My Husband's Wife(73)
Furious, Carla bought another. These English! Robbers! All of them.
Still, Lincoln’s Inn was even more beautiful than the pictures on the Internet. For a moment, Carla stood and marvelled at the tall buildings with their big sash windows and wide window ledges. Despite being in the middle of London, it felt like the countryside with those beautiful squares and neatly clipped hedges. That building over there with its domed roof reminded her of the Basilica in Florence, where she had gone once on a school trip.
To her relief, she found Larry’s chambers quite easily thanks to the directions she’d written down from Google.
‘May I help you?’ asked a woman at the desk.
‘I would like to make an appointment with Mr L— I mean Mr Tony Gordon.’
The girl gave her a questioning stare. ‘Are you a solicitor?’
‘Not exactly. I used to know Mr Gordon and would like to get in touch again.’
The stare grew cooler. ‘Then I suggest you email one of the clerks. He will pass on your message.’ She pushed across a compliments slip. ‘Here are the details.’
‘But I need to see Mr Gordon now. It’s important.’
‘I’m afraid it’s impossible. Now I am going to have to ask you to leave.’
The voice was no longer cool. It was angry and firm. Determined not to show her embarrassment, Carla walked out, her head high. Then she found a cafe with Wi-Fi and composed a brief message.
Dear Tony,
You might remember me from some years ago. I am in the UK now and have a message to pass on to you from my mother Francesca.
Kind regards,
Carla
That will do. Polite and to the point. Personally, Carla didn’t share her mother’s hopes that Larry, or rather Tony, might miss her. But with any luck, he might agree to see Carla. If nothing else, she might be able to extract some guilt money from him.
Now for the next two tasks on her list. Registration at the college, near a station called Goodge Street, was far more successful. Everyone was so friendly! Lectures would start tomorrow. Did she have the reading list that had been emailed out during the summer? Yes? Good. There was a freshers’ drinks party tonight. It would be a way to meet people.
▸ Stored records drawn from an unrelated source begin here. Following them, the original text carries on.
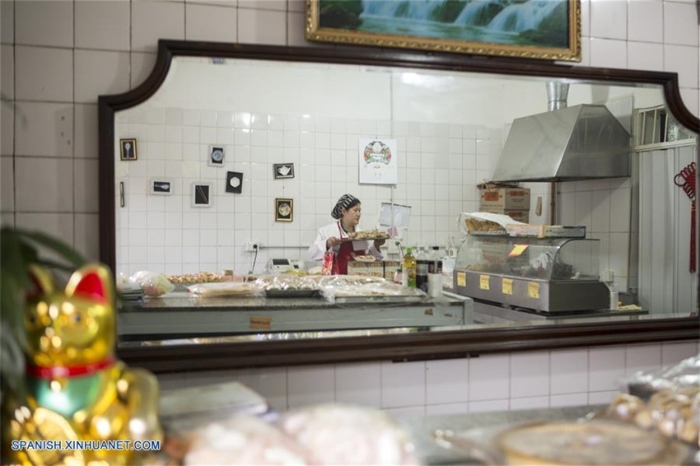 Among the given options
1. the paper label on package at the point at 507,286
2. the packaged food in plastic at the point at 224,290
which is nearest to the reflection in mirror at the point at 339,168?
the paper label on package at the point at 507,286

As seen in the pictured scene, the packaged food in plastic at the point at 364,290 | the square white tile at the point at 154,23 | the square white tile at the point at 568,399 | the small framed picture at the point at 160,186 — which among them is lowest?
the square white tile at the point at 568,399

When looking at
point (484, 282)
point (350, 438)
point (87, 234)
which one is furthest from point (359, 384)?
point (484, 282)

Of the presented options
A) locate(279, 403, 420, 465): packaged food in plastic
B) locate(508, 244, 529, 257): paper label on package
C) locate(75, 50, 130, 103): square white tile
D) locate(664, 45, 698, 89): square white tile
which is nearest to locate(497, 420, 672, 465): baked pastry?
locate(279, 403, 420, 465): packaged food in plastic

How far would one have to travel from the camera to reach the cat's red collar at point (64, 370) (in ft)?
3.75

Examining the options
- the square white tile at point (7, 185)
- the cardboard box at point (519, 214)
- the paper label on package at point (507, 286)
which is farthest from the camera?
the cardboard box at point (519, 214)

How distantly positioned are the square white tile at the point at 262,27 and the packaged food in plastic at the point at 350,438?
1342mm

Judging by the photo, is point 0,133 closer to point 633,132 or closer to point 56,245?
point 56,245

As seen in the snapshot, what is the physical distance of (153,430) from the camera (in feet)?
3.73

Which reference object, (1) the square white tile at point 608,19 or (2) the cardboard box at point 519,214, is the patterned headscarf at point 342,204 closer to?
(2) the cardboard box at point 519,214

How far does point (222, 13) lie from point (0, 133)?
0.82 m

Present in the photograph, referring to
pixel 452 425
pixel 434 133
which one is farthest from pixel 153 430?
pixel 434 133

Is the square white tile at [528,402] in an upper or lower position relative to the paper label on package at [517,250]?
lower

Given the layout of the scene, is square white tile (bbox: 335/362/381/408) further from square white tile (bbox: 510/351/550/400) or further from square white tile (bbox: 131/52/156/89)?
square white tile (bbox: 131/52/156/89)

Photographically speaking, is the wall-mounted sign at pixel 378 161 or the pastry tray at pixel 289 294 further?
the wall-mounted sign at pixel 378 161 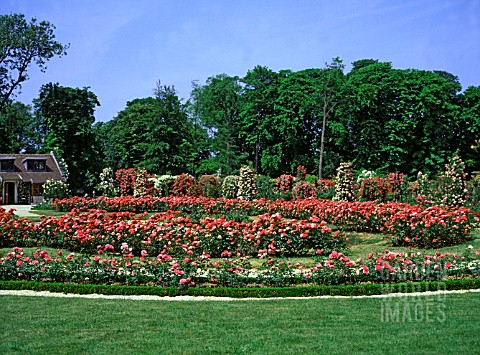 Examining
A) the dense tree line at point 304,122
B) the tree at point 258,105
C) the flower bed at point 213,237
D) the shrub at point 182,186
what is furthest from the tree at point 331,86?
the flower bed at point 213,237

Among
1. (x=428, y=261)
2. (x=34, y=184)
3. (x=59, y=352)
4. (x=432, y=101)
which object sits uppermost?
(x=432, y=101)

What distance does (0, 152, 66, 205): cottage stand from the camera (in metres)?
38.5

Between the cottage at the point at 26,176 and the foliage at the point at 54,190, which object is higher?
the cottage at the point at 26,176

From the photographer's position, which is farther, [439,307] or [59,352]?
[439,307]

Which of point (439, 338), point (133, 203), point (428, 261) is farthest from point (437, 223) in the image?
point (133, 203)

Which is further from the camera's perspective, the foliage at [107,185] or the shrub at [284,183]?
the foliage at [107,185]

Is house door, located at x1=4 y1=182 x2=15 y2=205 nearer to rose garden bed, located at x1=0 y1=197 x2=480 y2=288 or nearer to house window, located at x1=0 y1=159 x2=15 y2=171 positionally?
house window, located at x1=0 y1=159 x2=15 y2=171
But, Carla told herself as she headed for the Tube again, she had more important things to do.
27
Lily
I wait until after the innocent verdict before making the call. The lorry driver case was tight. The other side had produced film of the ‘victim’: a happy, laughing teenager on her bike. It had almost swayed the women on the jury, most of whom had children.
But not quite.
‘Thank you.’ The lorry driver’s wife flings her arms around me outside the courtroom. ‘I thought we were going to lose at one point.’
So did I, although I’d never admit it. Drugs. Drink. It’s usually one or the other that leads to the cells or death. That memory of the Highgate pub still haunts my mind. It’s why I don’t touch alcohol any more.
‘We’re going to go out now and celebrate,’ says the lorry driver’s wife, glancing up adoringly at her husband. ‘Aren’t we, love?’
But the lorry driver, like me, is looking across the marble-floored foyer at the middle-aged couple who are silently holding each other. The woman’s head is against her husband’s chest. As if sensing our gaze, she turns and gives me such a look that I doubt the very existence of my soul.
‘I’m sorry,’ I want to say. ‘I’m sorry for your loss. Most of all I’m sorry that your memory of your daughter has been tainted for ever. But justice has to be done.’
Then she walks up to me and I brace myself. This is an intelligent family. Much was made of this in court. The father is a professor. The mother spent her life bringing up her children. Luckily there are three more. But loss makes human beings into animals, as I have discovered.
The lorry driver’s wife gasps as an arc of spit hits me straight in the face. It’s directed not at the lorry driver but at me. ‘You should be ashamed of yourself,’ hisses the bereaved mother.
I wipe the spittle off my cheek with the handkerchief that I keep especially for this purpose. It’s not the first time this has happened. And it won’t be the last. The woman’s husband is taking her away now, casting me baleful looks.
‘I’m sorry,’ said the lorry driver. His eyes are wet.
I shrug. ‘It’s all right.’
But it’s not. And we both know it. Thanks to an anonymous tip-off (you’d be surprised how often this happens), I was able to name the dealer supplying drugs to the teenager who had ridden her bike into the lorry driver’s path. If it weren’t for that, we couldn’t have established that the cyclist was a regular user, which in turn contributed to her degree of culpability.
Justice has been done. It doesn’t always look like you’d expect. But there is always a price to be paid.
I walk down the steps and into the bracing wind outside. It’s another world out here, I remind myself as I cross the road towards the park, narrowly avoiding a cyclist without a helmet. A world where I can choose to bin Tony’s piece of paper with Joe Thomas’s number on it.
Or ring it.
We have to have closure. It’s a phrase I hear again and again from my clients. Even if the verdict is guilty, they need to get rid of this sword hanging over their heads. I thought I’d got rid of mine. But every time I receive one of those birthday cards I realize I can’t escape. And now I have a phone number.